▸ Task to complete
In the material below, find the line that contains "colin firth colin" and the line that contains "305 2nd Avenue", then write out exactly those two lines and everything between them.

>>>>

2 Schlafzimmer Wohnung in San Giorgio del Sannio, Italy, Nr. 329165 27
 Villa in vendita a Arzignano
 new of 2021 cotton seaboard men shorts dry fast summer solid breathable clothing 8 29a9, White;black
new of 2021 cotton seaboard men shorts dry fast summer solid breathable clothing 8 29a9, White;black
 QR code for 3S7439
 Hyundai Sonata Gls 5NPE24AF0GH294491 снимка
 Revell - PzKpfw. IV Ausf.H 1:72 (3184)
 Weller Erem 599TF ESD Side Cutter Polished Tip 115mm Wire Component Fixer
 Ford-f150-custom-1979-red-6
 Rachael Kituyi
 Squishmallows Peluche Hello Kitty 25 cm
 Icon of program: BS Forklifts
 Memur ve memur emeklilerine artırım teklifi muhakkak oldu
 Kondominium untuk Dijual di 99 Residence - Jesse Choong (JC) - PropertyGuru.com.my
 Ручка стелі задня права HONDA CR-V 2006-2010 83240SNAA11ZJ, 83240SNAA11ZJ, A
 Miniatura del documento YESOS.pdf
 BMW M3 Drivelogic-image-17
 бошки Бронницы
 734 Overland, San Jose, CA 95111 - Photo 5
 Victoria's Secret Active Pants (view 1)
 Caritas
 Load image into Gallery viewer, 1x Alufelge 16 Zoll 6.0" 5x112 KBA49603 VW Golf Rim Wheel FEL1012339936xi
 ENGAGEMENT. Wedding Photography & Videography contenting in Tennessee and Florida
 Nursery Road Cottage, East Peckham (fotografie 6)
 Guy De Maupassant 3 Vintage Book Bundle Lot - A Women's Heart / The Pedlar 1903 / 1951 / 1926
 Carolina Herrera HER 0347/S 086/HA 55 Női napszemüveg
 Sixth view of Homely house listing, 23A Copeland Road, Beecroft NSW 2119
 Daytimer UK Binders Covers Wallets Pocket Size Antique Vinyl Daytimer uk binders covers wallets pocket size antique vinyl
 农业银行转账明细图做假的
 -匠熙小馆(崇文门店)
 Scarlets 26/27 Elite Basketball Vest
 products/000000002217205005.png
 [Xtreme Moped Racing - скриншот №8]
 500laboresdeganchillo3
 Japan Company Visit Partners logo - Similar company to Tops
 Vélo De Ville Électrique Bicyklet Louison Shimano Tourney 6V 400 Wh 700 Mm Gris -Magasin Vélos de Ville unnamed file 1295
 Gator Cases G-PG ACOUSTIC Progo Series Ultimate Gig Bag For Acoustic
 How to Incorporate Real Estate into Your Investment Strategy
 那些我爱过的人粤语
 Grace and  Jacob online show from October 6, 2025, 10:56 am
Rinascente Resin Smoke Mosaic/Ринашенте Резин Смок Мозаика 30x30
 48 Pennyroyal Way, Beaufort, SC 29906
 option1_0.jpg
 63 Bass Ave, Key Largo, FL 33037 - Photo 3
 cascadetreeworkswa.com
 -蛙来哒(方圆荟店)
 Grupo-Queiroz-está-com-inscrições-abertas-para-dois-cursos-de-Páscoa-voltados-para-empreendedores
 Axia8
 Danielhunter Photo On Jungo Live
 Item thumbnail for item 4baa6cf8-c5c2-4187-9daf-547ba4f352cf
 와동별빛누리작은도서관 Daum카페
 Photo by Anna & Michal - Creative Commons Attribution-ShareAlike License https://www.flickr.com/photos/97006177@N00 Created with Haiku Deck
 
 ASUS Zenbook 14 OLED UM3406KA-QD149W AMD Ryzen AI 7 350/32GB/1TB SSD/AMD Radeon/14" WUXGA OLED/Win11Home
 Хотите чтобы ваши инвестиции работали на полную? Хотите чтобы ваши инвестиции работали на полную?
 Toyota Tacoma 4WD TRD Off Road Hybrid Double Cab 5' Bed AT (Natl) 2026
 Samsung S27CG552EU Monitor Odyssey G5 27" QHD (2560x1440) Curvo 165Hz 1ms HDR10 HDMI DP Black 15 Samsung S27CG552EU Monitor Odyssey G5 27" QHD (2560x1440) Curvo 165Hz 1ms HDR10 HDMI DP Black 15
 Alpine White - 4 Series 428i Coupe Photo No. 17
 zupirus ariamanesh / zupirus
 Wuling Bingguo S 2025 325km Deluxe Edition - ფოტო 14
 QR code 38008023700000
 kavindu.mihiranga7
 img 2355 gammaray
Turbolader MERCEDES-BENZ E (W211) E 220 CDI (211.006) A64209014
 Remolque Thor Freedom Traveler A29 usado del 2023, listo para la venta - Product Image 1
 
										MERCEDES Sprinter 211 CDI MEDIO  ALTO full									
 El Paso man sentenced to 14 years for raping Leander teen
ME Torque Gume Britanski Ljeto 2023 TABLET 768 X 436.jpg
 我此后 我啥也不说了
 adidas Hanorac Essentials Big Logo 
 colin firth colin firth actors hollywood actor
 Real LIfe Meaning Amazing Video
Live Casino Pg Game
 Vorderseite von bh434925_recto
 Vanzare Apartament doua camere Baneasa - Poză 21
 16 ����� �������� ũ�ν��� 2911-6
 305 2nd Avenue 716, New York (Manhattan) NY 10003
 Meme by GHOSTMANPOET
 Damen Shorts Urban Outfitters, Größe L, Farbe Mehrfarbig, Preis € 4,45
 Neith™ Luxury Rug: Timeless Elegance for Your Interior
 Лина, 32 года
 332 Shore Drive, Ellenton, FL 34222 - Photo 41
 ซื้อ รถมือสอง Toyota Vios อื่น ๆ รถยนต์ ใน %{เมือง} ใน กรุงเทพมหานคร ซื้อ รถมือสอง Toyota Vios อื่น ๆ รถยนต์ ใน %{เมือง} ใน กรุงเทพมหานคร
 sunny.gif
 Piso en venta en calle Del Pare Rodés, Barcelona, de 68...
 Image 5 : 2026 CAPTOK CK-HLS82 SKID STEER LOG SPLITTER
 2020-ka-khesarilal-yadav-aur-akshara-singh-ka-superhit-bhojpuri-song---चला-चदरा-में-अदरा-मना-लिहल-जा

<<<<

▸ Answer
 colin firth colin firth actors hollywood actor
 Real LIfe Meaning Amazing Video
Live Casino Pg Game
 Vorderseite von bh434925_recto
 Vanzare Apartament doua camere Baneasa - Poză 21
 16 ����� �������� ũ�ν��� 2911-6
 305 2nd Avenue 716, New York (Manhattan) NY 10003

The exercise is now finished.